It’s the morning after Tesla’s much-watched earnings report, and as always, it’s something of a social media spectacle, with several interesting takes on Elon Musk and his company of electric vehicles, robots, and self-driving taxis.
But the bottom line is this: we just witnessed a more reserved billionaire Musk on the earnings call.
Right now that is not applauded. The stock is down 3% in pre-market trading as investors wanted the usual bombastic Musk (among other reasons). But it should be.
The Elon Musk we witnessed: The usual Musk offers crazy deadlines for seemingly crazy new projects. The usual Musk attacks his competitors. The usual Musk speaks in another language that only the powerful Grok can decipher.
We didn’t get the usual Musk, and that’s why I say you have to love it.

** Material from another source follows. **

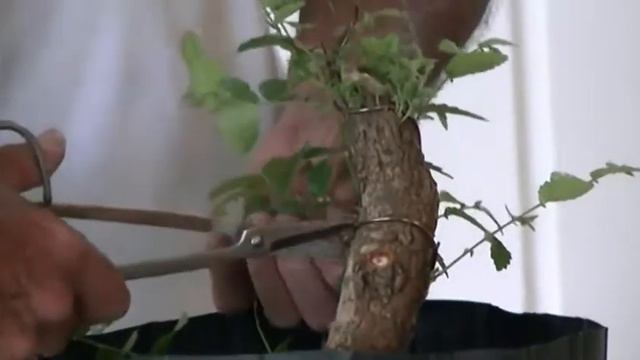 Bonsai with Merv Winged Elm 2 смотреть онлайн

We get Musk delaying the reveal date of the next Optimus robot because competitors are apparently copying the technology through top-secret analysis in a bunker somewhere. We had a Musk who was clearly focused on robotaxi safety and talked about the timeline for when these self-driving cars could be hailed in the US and Europe. We met a Musk who did not want to give precise details about the costs of building a Terafab or which partner would bear which costs.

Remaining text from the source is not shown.